◆ **SOURCE INFORMATION**:
***

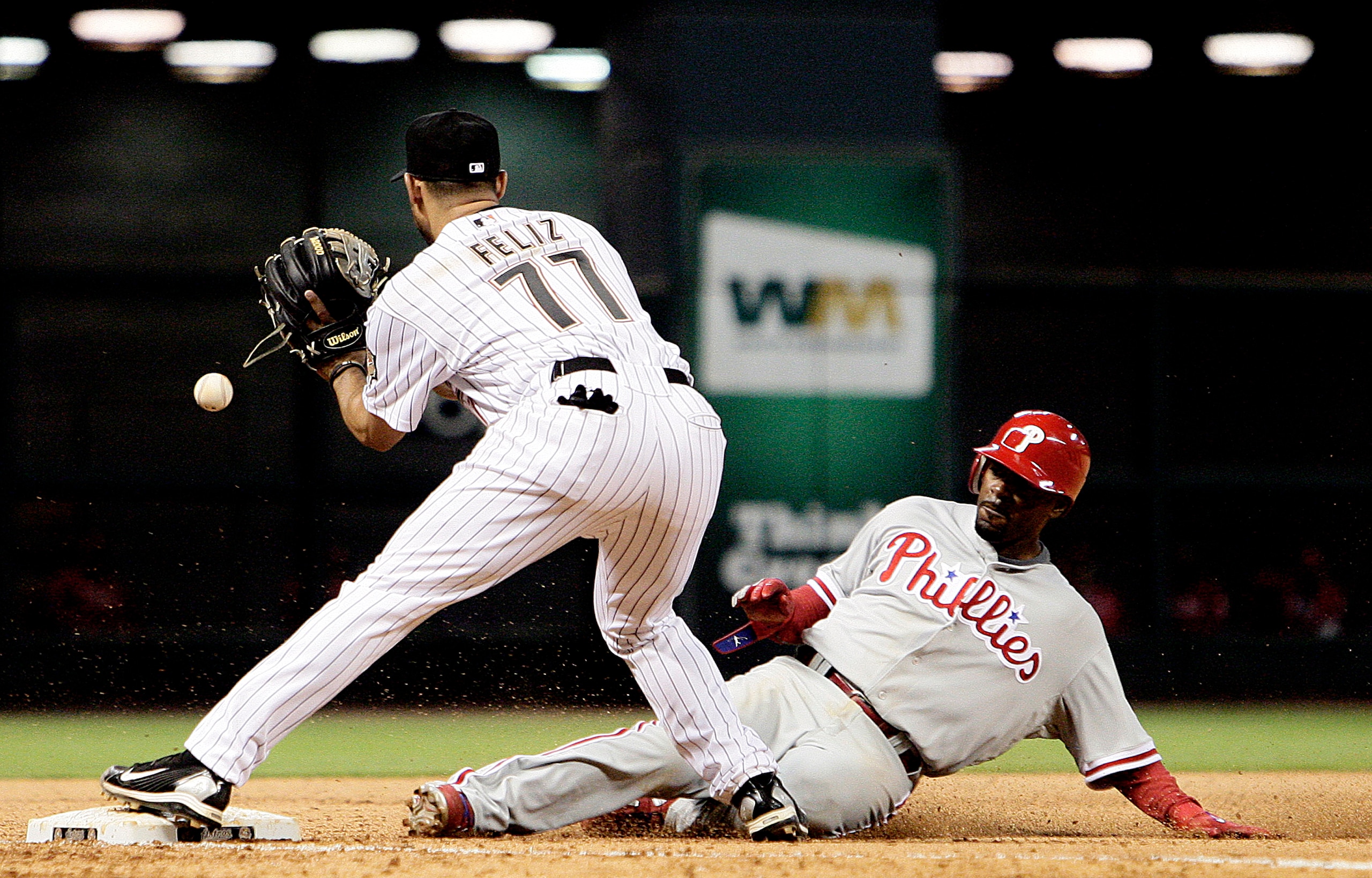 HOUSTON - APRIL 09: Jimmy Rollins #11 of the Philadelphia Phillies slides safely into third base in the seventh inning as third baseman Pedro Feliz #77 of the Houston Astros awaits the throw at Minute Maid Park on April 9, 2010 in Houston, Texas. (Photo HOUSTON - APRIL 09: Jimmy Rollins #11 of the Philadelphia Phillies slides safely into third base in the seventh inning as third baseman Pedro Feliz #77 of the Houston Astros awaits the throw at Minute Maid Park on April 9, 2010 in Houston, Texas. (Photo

***

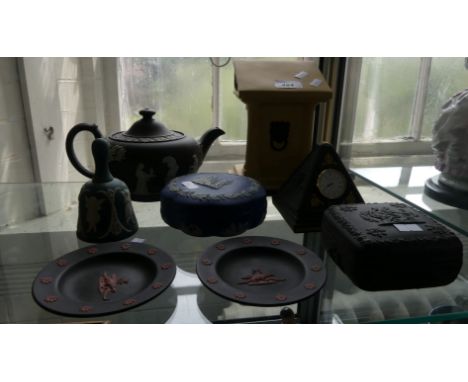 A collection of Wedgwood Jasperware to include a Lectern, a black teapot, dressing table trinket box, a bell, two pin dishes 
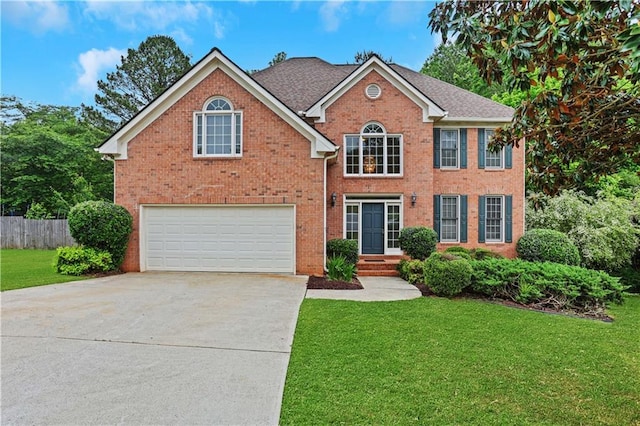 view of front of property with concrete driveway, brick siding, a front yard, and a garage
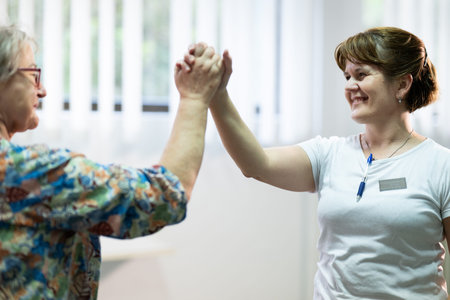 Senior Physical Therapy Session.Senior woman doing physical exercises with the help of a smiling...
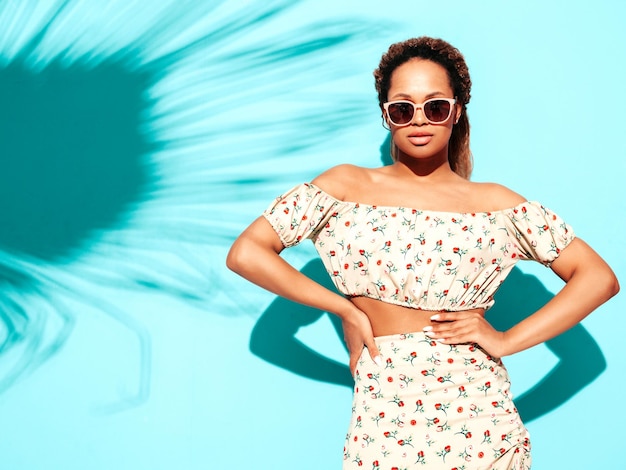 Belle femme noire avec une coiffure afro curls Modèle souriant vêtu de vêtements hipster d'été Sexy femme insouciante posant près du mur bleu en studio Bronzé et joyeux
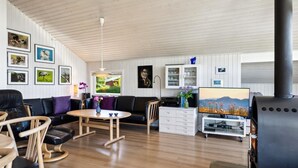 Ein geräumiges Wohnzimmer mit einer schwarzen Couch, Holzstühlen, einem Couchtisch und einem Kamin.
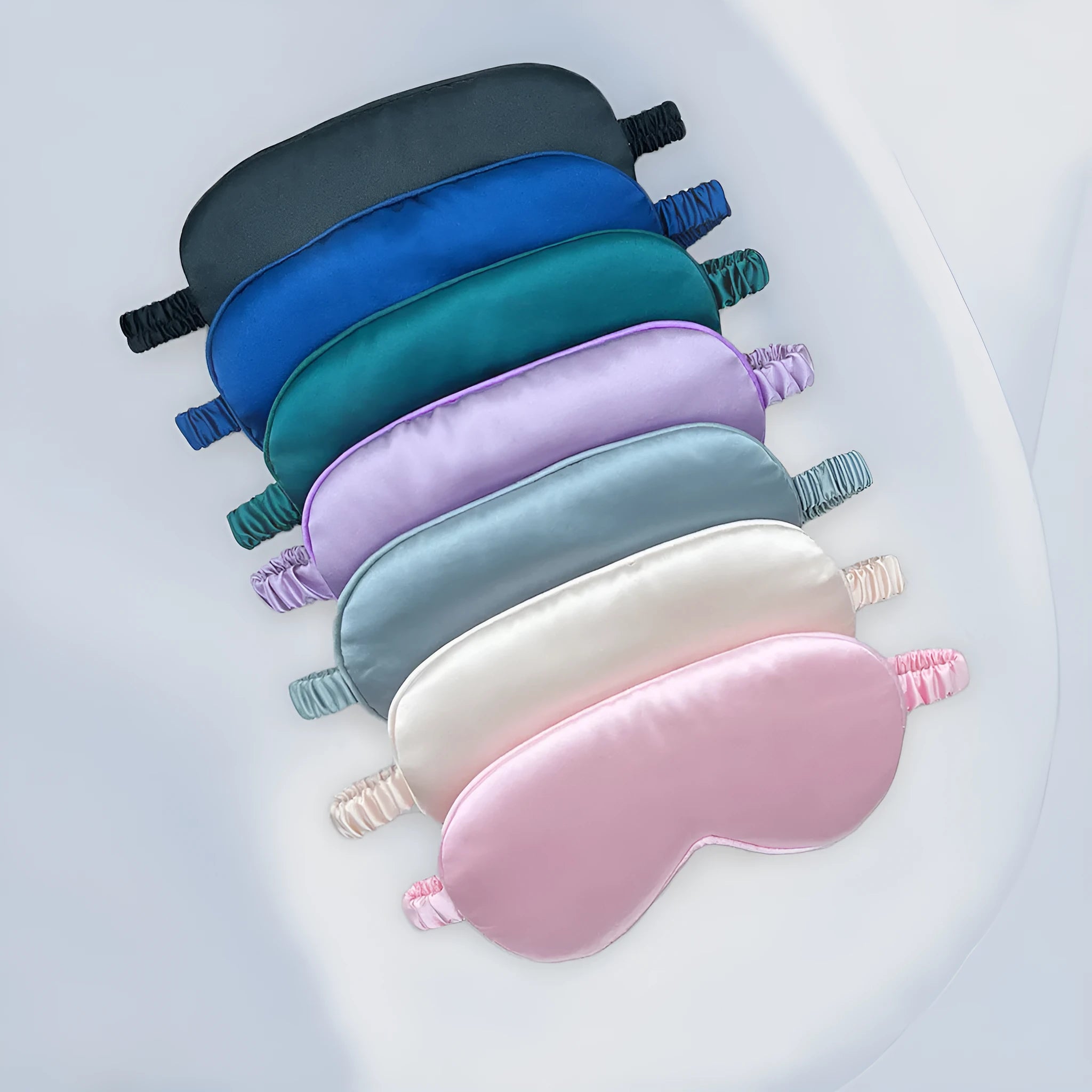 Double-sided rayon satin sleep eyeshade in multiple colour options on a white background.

***

◆ **ASSIGNED TASK**: Taking the material above, give again exactly the lines from the one holding "Belle femme noire" through the one holding "Double-sided rayon satin", with both ends and without pictures.

◆ **SOLUTION TO THE PROBLEM**:
 Belle femme noire avec une coiffure afro curls Modèle souriant vêtu de vêtements hipster d'été Sexy femme insouciante posant près du mur bleu en studio Bronzé et joyeux
 Ein geräumiges Wohnzimmer mit einer schwarzen Couch, Holzstühlen, einem Couchtisch und einem Kamin.
 Double-sided rayon satin sleep eyeshade in multiple colour options on a white background.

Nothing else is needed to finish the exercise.